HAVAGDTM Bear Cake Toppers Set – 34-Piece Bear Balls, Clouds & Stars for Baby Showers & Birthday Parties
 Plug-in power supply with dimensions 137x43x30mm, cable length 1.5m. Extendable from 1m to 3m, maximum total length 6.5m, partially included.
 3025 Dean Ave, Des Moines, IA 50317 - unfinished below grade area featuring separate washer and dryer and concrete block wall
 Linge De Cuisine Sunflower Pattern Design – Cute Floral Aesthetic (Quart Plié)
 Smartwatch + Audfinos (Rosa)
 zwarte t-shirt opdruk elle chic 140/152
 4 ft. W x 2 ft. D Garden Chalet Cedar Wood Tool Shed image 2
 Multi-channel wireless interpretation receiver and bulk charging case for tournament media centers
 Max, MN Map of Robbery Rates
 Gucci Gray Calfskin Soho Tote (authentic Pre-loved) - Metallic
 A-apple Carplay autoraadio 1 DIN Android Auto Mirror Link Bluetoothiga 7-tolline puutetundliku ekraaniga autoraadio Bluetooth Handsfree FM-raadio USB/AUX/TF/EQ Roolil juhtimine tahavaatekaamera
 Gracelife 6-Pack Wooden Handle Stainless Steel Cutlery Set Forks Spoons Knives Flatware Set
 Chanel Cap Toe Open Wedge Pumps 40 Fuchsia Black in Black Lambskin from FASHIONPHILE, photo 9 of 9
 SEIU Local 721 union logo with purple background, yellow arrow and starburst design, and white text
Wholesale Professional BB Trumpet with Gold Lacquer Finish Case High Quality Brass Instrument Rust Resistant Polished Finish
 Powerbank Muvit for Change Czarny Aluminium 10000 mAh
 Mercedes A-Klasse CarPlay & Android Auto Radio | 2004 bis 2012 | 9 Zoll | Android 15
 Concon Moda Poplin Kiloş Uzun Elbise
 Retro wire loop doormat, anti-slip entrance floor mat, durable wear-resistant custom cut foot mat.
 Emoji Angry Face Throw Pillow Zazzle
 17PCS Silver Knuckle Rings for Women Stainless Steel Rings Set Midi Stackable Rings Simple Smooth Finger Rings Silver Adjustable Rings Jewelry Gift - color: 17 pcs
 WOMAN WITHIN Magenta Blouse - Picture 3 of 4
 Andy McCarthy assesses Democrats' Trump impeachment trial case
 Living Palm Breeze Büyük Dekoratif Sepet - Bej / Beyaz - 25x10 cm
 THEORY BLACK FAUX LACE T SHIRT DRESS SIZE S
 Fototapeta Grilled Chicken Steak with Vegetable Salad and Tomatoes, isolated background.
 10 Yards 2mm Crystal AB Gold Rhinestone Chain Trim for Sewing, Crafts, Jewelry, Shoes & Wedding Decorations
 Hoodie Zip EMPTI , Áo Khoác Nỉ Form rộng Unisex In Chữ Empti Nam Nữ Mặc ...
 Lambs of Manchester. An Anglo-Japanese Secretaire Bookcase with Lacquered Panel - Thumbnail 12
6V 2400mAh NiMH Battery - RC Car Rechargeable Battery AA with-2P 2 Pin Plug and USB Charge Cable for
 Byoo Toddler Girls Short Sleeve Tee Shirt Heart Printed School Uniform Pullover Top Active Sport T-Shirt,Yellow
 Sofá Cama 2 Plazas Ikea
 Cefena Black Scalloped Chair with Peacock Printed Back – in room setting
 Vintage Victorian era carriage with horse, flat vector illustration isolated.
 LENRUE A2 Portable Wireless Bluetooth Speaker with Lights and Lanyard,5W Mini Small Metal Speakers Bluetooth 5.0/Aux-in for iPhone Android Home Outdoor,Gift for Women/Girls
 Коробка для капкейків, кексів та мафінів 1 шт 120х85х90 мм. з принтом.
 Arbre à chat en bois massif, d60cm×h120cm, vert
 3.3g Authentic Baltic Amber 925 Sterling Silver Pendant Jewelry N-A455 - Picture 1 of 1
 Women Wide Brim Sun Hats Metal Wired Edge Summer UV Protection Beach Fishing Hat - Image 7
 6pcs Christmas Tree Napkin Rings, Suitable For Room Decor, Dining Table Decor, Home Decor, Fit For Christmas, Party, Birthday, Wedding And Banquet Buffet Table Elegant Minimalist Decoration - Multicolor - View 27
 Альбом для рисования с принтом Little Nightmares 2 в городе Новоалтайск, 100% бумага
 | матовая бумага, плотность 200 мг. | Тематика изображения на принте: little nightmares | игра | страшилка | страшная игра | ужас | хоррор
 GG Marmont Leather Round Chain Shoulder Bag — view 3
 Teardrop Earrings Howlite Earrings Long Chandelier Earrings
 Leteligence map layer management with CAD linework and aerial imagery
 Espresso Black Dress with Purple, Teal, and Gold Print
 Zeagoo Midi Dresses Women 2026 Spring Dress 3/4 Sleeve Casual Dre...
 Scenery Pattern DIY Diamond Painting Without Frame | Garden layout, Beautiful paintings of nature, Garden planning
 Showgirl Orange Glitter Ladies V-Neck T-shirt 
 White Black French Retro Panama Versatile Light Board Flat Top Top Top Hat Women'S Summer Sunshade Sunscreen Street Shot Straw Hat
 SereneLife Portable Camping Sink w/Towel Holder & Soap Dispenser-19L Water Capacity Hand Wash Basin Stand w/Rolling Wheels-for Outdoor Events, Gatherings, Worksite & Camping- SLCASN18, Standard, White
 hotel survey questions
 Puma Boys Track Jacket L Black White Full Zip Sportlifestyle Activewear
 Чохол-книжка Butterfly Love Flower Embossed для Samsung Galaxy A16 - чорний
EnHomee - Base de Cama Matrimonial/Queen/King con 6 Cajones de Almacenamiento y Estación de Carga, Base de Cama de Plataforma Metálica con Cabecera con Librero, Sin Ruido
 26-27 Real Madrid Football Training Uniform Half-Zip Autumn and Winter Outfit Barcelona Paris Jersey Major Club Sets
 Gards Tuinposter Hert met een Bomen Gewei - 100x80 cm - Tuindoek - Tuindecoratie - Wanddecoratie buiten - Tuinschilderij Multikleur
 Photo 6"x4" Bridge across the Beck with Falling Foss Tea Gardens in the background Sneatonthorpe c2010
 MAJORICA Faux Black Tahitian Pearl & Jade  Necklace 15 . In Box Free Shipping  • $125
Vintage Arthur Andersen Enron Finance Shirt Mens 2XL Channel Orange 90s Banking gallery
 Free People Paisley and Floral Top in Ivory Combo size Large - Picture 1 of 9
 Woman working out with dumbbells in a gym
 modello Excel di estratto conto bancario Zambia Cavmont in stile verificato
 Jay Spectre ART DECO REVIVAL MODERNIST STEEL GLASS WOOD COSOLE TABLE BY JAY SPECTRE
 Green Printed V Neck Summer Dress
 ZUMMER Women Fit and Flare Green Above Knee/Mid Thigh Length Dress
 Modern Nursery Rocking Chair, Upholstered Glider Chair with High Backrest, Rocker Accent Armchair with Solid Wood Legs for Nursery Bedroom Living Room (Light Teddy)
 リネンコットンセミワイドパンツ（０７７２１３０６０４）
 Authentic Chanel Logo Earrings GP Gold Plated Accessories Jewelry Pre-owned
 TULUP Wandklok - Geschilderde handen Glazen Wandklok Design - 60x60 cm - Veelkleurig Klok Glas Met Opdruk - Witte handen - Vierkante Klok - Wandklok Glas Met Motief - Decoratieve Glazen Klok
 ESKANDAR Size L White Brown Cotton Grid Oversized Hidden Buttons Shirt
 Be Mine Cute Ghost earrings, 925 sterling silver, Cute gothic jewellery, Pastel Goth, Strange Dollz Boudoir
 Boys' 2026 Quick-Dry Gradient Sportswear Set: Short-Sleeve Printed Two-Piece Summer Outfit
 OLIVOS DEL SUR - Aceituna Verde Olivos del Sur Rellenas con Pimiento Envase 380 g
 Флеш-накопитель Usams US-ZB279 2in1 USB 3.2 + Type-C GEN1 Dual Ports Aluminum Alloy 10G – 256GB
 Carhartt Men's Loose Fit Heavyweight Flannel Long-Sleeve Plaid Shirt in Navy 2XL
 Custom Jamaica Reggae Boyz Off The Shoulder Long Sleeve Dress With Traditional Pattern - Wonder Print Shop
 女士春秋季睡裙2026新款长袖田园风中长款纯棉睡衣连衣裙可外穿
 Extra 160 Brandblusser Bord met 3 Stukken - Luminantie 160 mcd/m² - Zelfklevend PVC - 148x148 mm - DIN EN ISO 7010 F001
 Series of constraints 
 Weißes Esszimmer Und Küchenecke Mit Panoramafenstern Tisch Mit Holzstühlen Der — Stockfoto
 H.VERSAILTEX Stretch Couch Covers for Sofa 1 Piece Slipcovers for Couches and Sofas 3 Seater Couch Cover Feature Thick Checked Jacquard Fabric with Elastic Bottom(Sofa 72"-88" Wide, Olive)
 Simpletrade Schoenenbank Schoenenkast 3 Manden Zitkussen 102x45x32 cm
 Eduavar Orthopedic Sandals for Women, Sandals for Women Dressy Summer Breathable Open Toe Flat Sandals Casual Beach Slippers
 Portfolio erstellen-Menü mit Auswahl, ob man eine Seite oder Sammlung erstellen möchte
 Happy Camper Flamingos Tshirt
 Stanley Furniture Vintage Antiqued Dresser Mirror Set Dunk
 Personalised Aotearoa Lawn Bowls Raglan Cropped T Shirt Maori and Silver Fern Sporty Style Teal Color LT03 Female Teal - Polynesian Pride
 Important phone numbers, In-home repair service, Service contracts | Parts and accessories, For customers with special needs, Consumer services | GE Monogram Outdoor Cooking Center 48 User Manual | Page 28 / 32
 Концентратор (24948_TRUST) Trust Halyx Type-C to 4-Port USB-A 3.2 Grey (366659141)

▬▬▬

_Goal of the exercise:_ Find where the line with "LENRUE A2 Portable" sits in the material above, then copy exactly from it through the line with "Коробка для капкейків, кексів". Add no other line.

_Output for this task:_
 LENRUE A2 Portable Wireless Bluetooth Speaker with Lights and Lanyard,5W Mini Small Metal Speakers Bluetooth 5.0/Aux-in for iPhone Android Home Outdoor,Gift for Women/Girls
 Коробка для капкейків, кексів та мафінів 1 шт 120х85х90 мм. з принтом.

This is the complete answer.